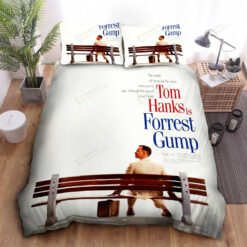 Forrest Gump Original Movie Poster Bed Sheet Spread Duvet Cover Bedding Sets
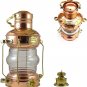 Maritime Nautical Ship Lantern 14" Brass & Copper Anchor Oil lamp Boat Light
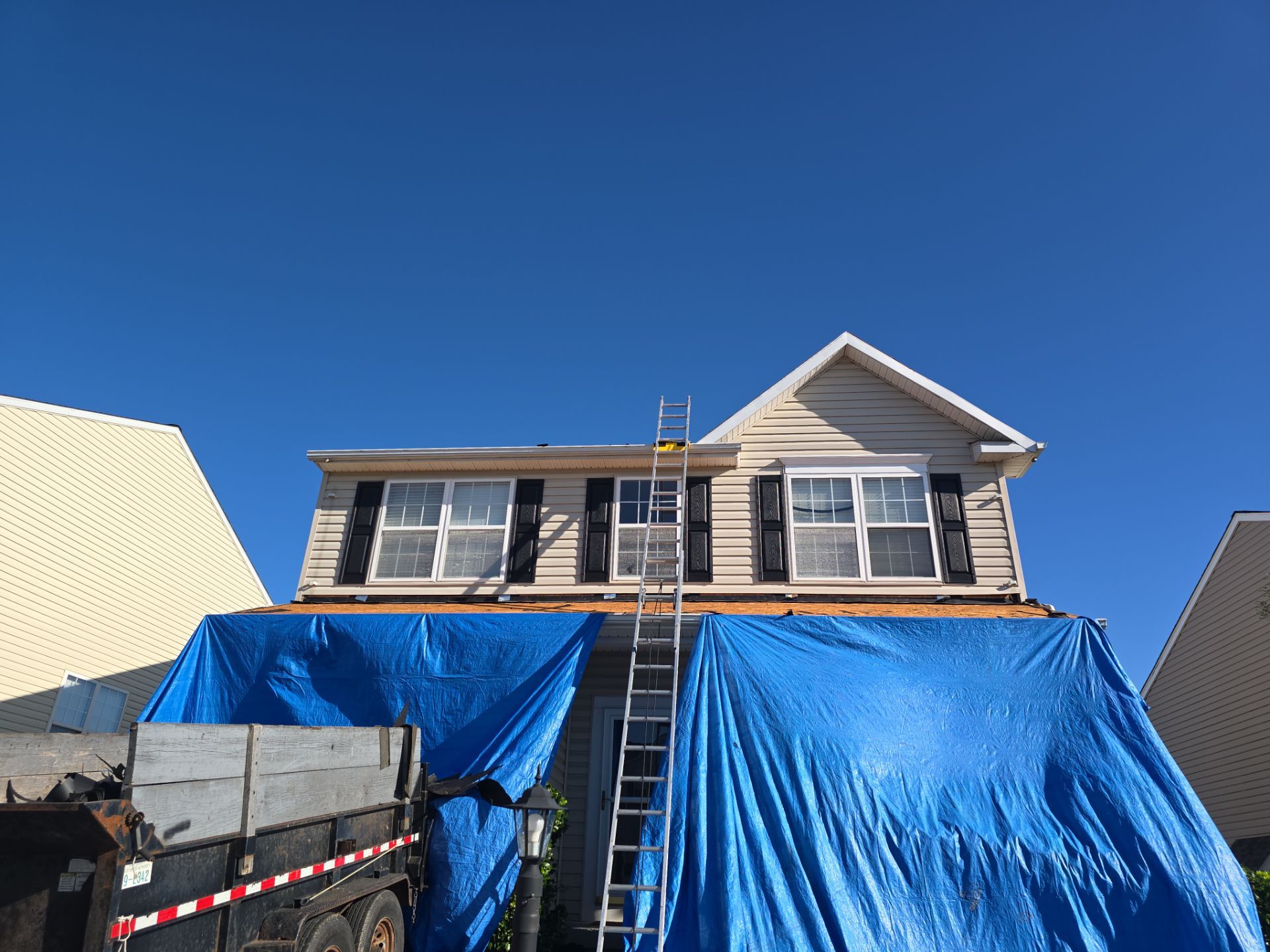 Full Owens Corning Roof Replacement in Hanover PA | Complete Decking and Shingle Upgrade by Bealing Roofing & Exteriors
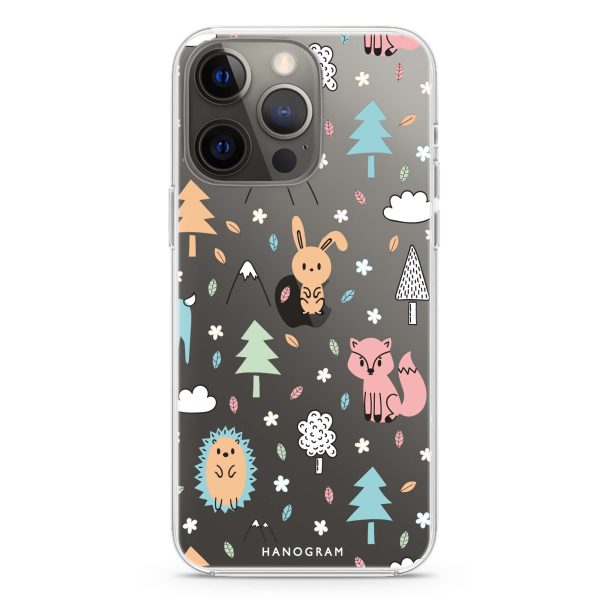 Whimsy Wildlife iPhone 14 Pro Max Ultra Clear Case Sale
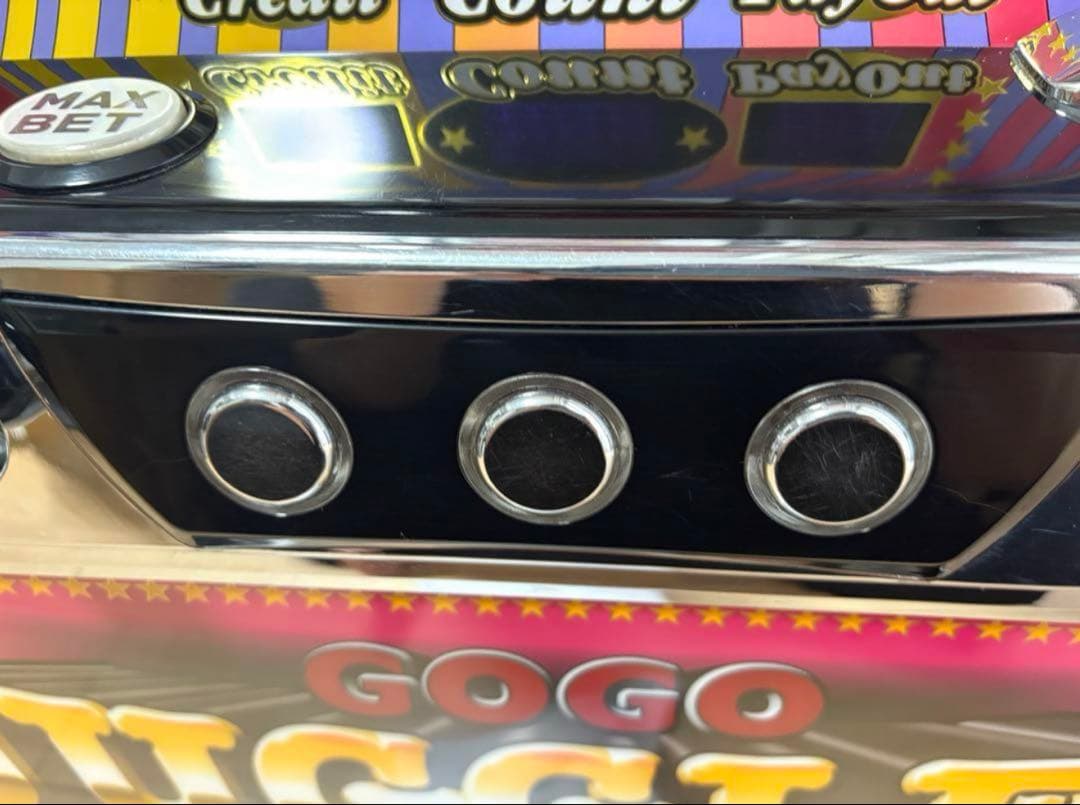 ゴーゴージャグラー2 KD 実機 不要機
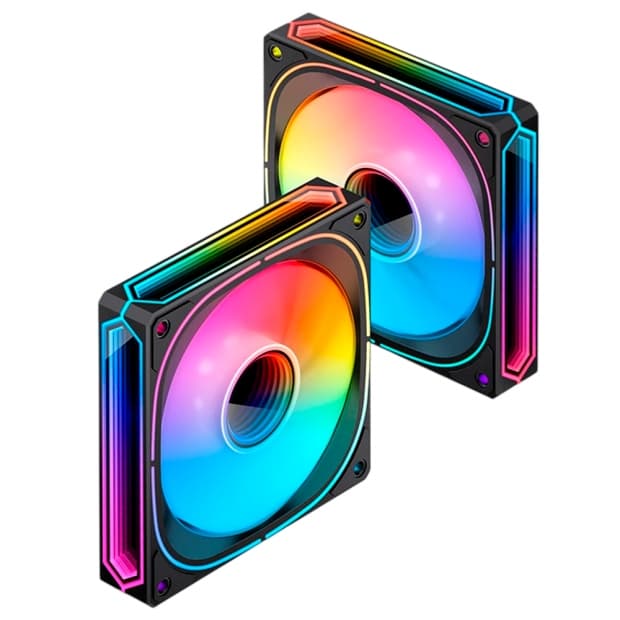 Ventoinha Cooler Jonsbo Fr-505B 120MM Argb Preto
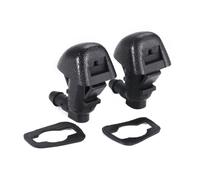 Buses pulvérisation Compatible Avec Pilot Pour MK2 2009 2010 2011 2012 2013 2014 2015 OEM:76810-SZA-A01ZA Lot 2 Buses Lave-glace Avant Noires Voiture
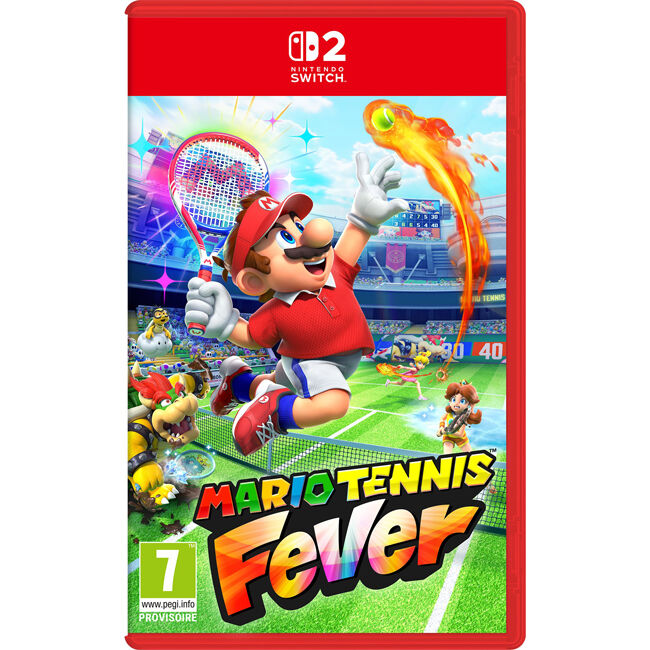 Mario Tennis Fever Switch 2 Précommande sortie 12 février 2026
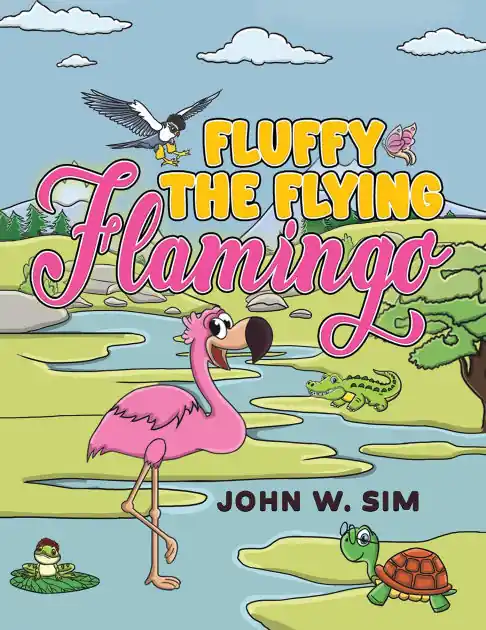 Genuine Fluffy the Flying Flamingo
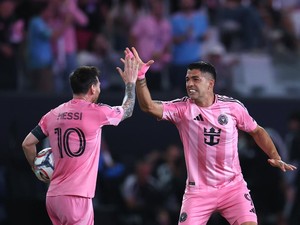 Inter Miami Vs Austin FC Berakhir 2-2: Messi-Suarez Bikin Gol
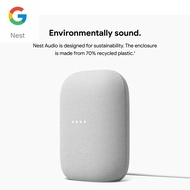 Google Nest Audio Smart Home Speaker / Google Voice Assistant / Stereo Pairing/ Control Smart Home - 1 Year Warranty
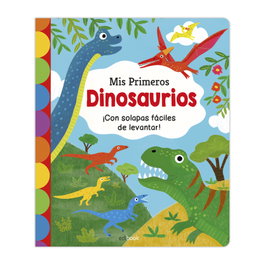 SALDAÑA MIS PRIMEROS DINOSAURIOS
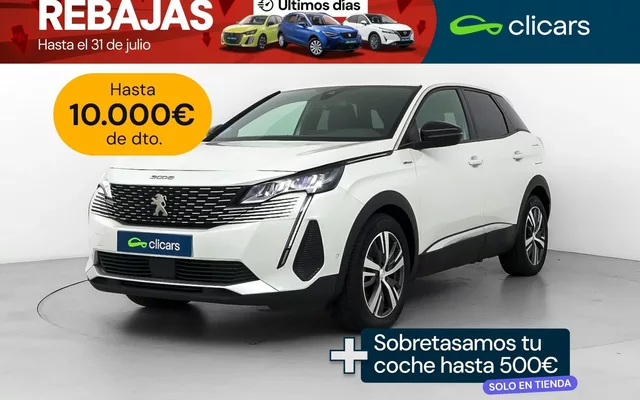 PEUGEOT 3008 SUV 3008 HYB PHEV 180 Allure Pack e-EAT8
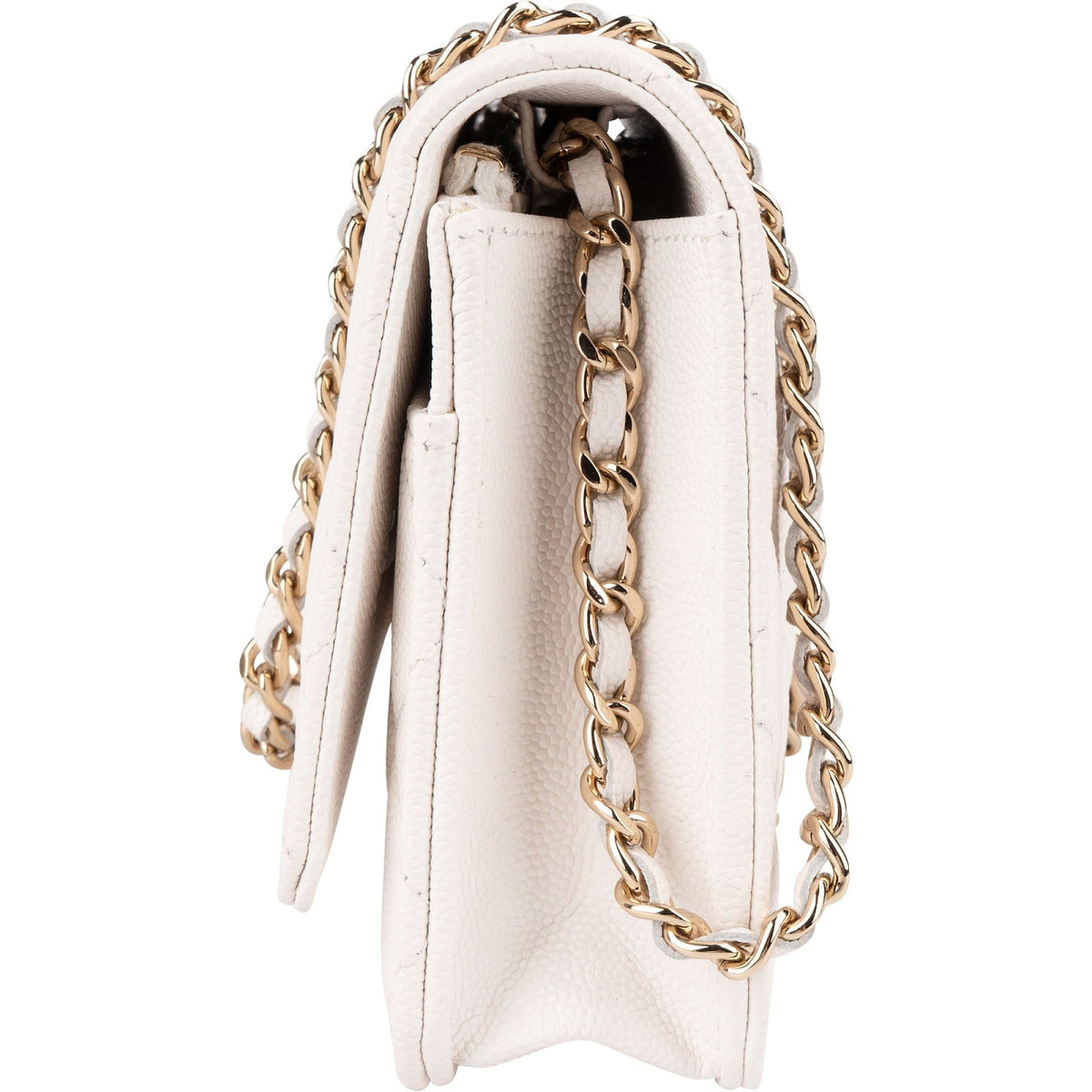Chanel Wuilted Jeweled Wallet on Chain Umhängetasche, Bild 5 von 14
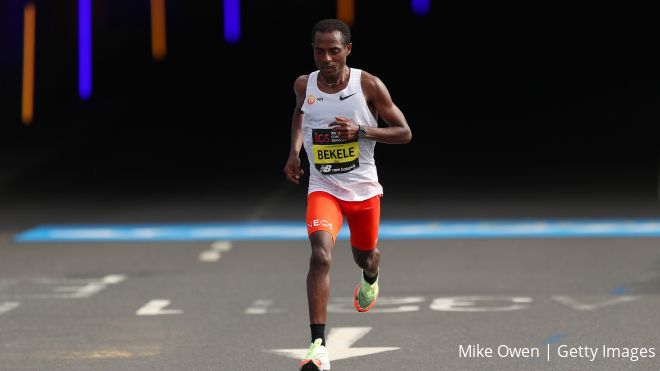 Kenenisa Bekele Scratches Out Of 2026 BMW Berlin Marathon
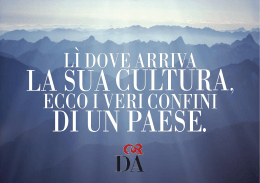 La Societ&agrave; Dante Alighieri in Italia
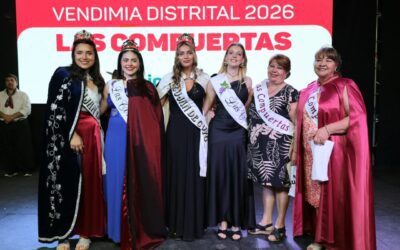 Luján de Cuyo coronó a su primera Reina Distrital
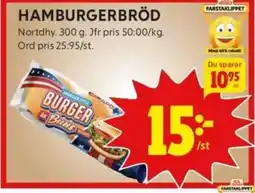 ICA Kvantum HAMBURGERBRÖD erbjuda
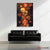 Crypto Neon Network Canvas – Bitcoin & Altcoins Art | Exective Decor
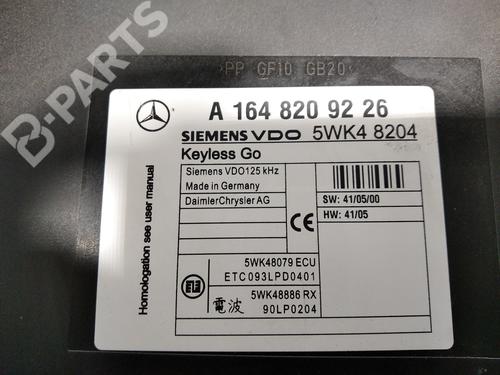 Gearbox control unit MERCEDES-BENZ M-CLASS (W164) ML 420 CDI 4-matic (164.128) | BP10015719M52 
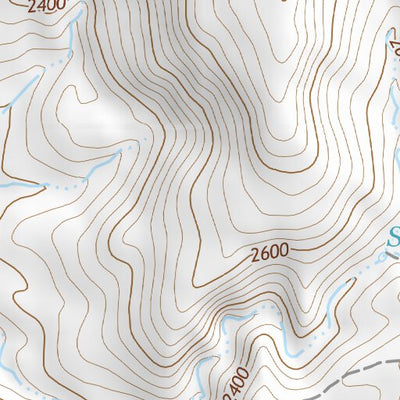 33111NW Page 58 Theodore Roosevelt Lake Topo Preview 2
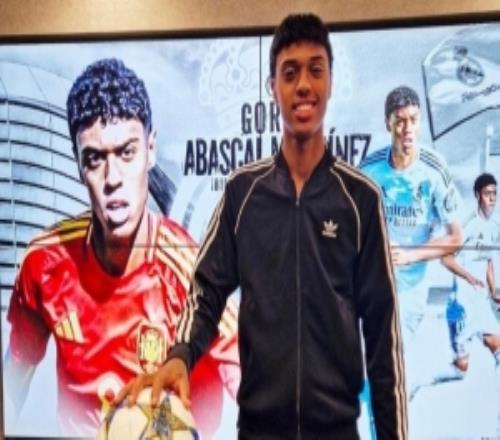 馬卡：西班牙和哥倫比亞爭奪皇馬青訓小將戈爾卡阿瓦斯卡爾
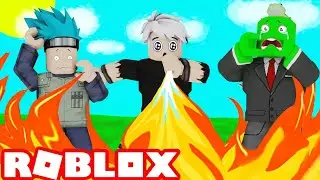 روبلوكس : كيف تصير اقوى تنين في العالم وتحرق كل شي مع @Rahumi و@OtakuG 😈🐸💚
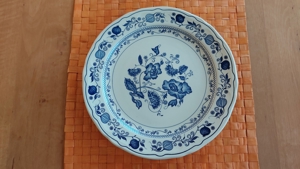 Salatschale / Kuchenplatte / Aufschnittplatte / Konfektschale - Vintage - Bild 2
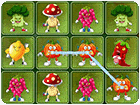 เกมส์จับคู่ผักมาดกวน Angry Vegetables Game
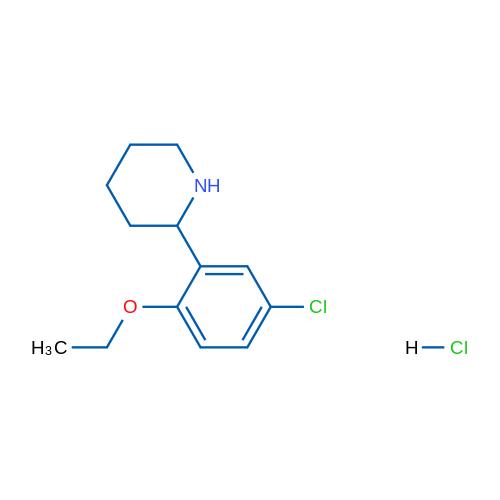 2-(5-Chloro-2-ethoxyphenyl)piperidine hydrochloride 1g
********************
**Problem description:** Starting with the first line of the material above and ending with the line that holds "ゴーゴージャグラー2 KD 実機 不要機", write out those lines exactly, without pictures.

**Solution to this problem:**
 Forrest Gump Original Movie Poster Bed Sheet Spread Duvet Cover Bedding Sets
 Maritime Nautical Ship Lantern 14" Brass & Copper Anchor Oil lamp Boat Light
 Full Owens Corning Roof Replacement in Hanover PA | Complete Decking and Shingle Upgrade by Bealing Roofing & Exteriors
 Whimsy Wildlife iPhone 14 Pro Max Ultra Clear Case Sale
 ゴーゴージャグラー2 KD 実機 不要機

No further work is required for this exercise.